» **Directions**
Your answer must be the exact lines below, starting with the line with "Tcl 60 Nxtpaper" and going on through the line with "Camiseta Oversized Philadelphia", both included, with no pictures.

» **Task inputs**
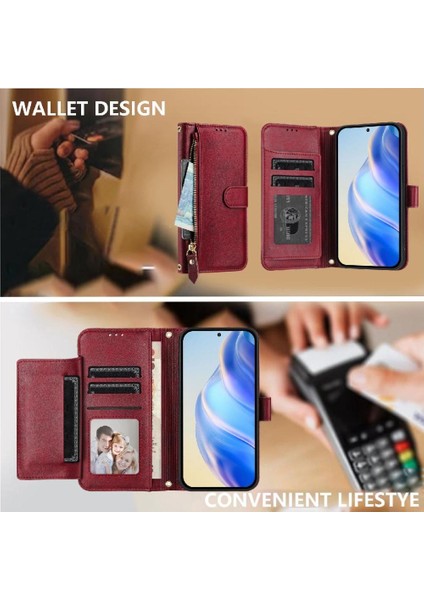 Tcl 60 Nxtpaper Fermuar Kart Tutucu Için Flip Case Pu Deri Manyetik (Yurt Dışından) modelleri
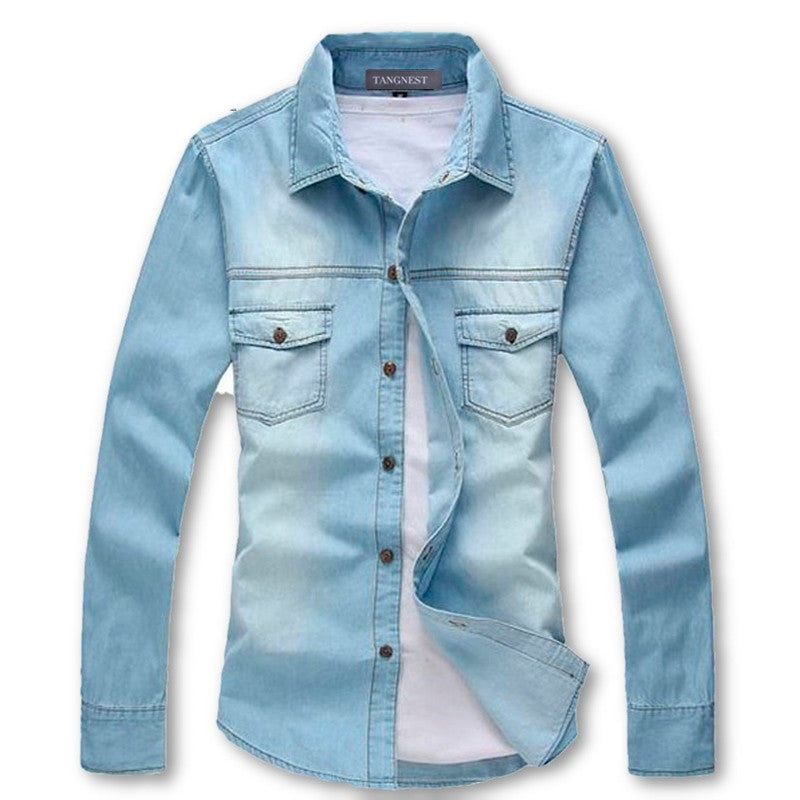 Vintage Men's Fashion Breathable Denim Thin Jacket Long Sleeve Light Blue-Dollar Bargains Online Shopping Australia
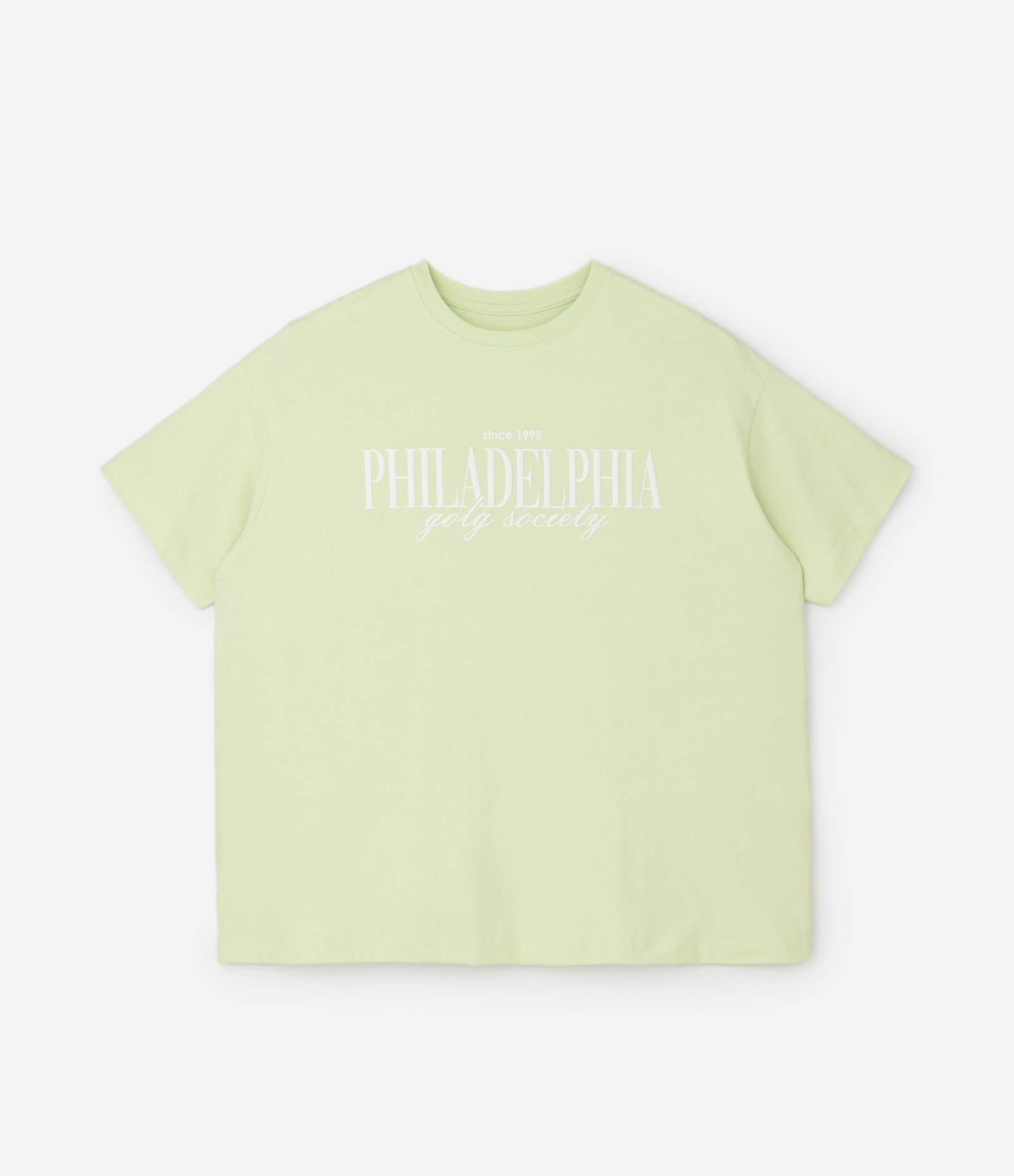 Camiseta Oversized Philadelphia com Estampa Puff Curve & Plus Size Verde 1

---

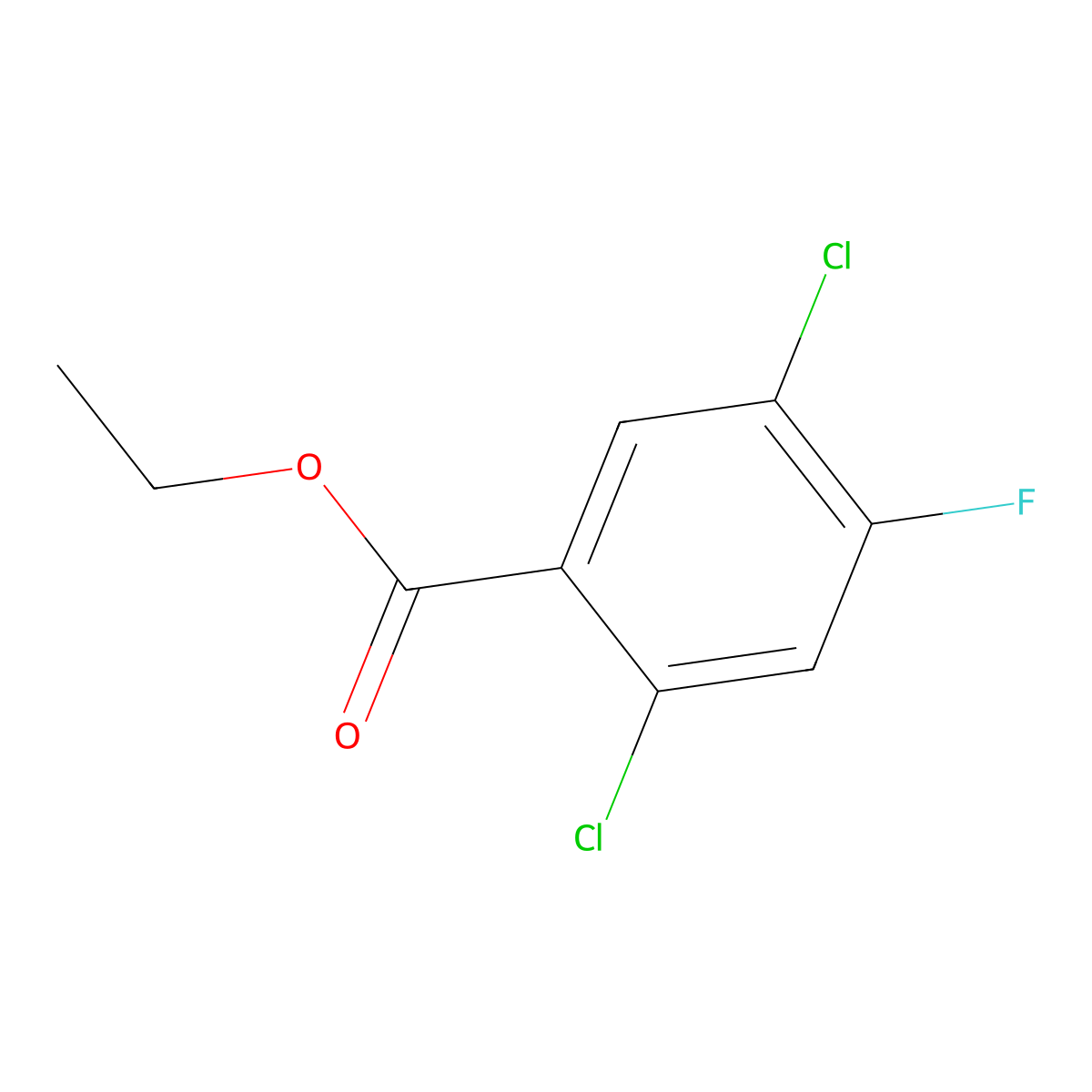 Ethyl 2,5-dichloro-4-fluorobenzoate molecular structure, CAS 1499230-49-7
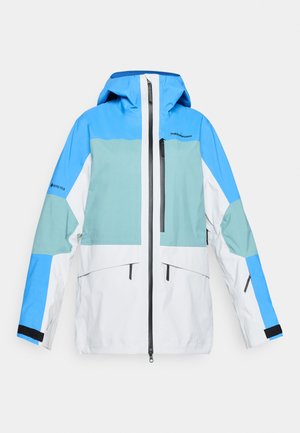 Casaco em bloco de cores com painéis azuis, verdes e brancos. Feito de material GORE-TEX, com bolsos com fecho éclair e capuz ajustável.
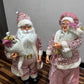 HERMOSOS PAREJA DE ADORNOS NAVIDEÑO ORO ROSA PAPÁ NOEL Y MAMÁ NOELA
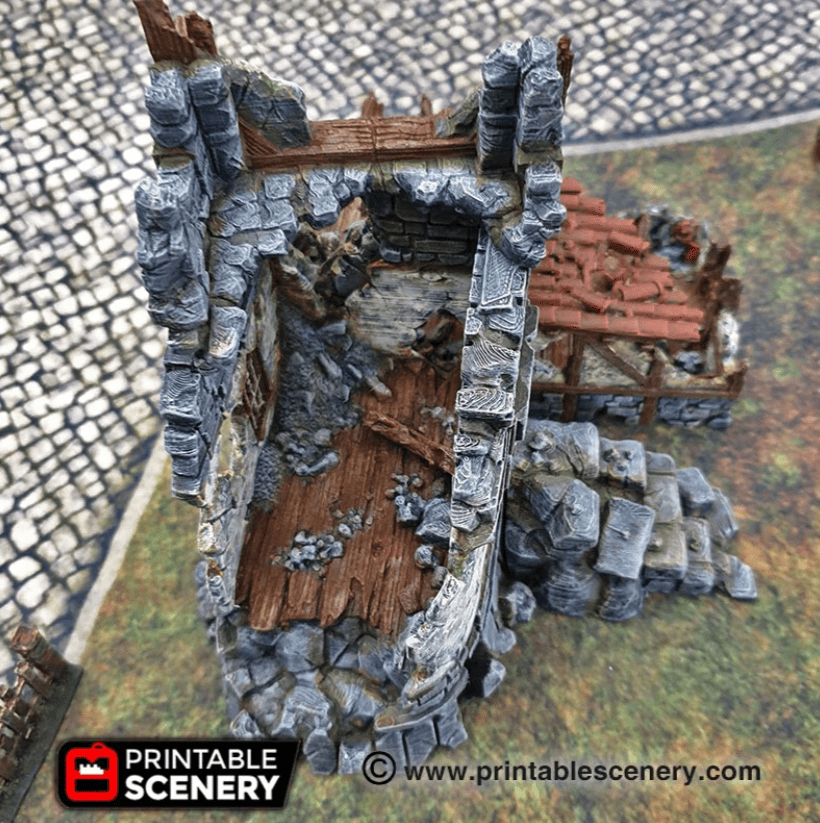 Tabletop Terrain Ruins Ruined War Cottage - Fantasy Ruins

...

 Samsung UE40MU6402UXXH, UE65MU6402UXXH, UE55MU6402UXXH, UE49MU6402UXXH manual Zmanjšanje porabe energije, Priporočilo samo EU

» **Reply**
 Tcl 60 Nxtpaper Fermuar Kart Tutucu Için Flip Case Pu Deri Manyetik (Yurt Dışından) modelleri
 Vintage Men's Fashion Breathable Denim Thin Jacket Long Sleeve Light Blue-Dollar Bargains Online Shopping Australia
 Camiseta Oversized Philadelphia com Estampa Puff Curve & Plus Size Verde 1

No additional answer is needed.